A youth transported from his family to the other end of the world comes to you, after having been taught that that deceptive oath forbidden by the Gospel which he has taken irretrievably binds him – as a cock when laid on the floor with a line drawn over its nose and along the floor thinks that it is bound by that line – he comes to you with complete submissiveness and the hope that you his elders, men more intelligent and learned than he, will teach him all that is good. And you, instead of freeing him from those superstitions which he has brought with him, inoculate him with new, most senseless, coarse, and pernicious superstitions: about the sanctity of the banner, the almost divine position of the Tsar, the duty of absolute obedience to the authorities. And when with the help of the methods for stultifying men which are elaborated in your organization you reduce him to a position worse than animal, ” to a position where he is ready to kill everyone he is ordered to kill, even his unarmed brothers, you exhibit him with pride to your superiors, and receive in return their thanks and rewards.
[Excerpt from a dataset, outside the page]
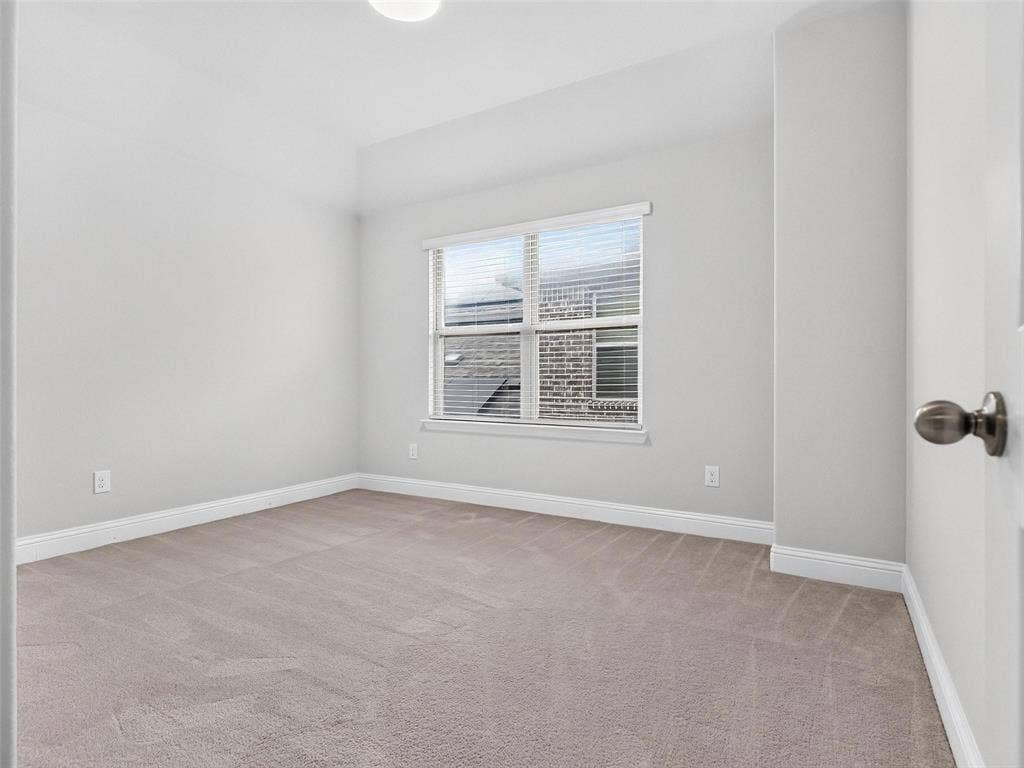 6504 Dynamite Drive, McKinney, TX 75070 Neutral wall color, carpeted flooring, window with blinds, and white trim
It is terrible to be a murderer oneself, but by cunning and cruel methods to reduce one’s confiding brothers to this state is the most terrible crime of all. And this you accomplish, and in this consists the whole of your service.
It is therefore not astounding that amongst you more than amongst any other class everything which will stifle conscience flourishes: smoking, cards, drunkenness, depravity; and that suicides occur amongst you more frequently than anywhere else.
“It is impossible but that offenses will come, but woe unto him through whom they come.”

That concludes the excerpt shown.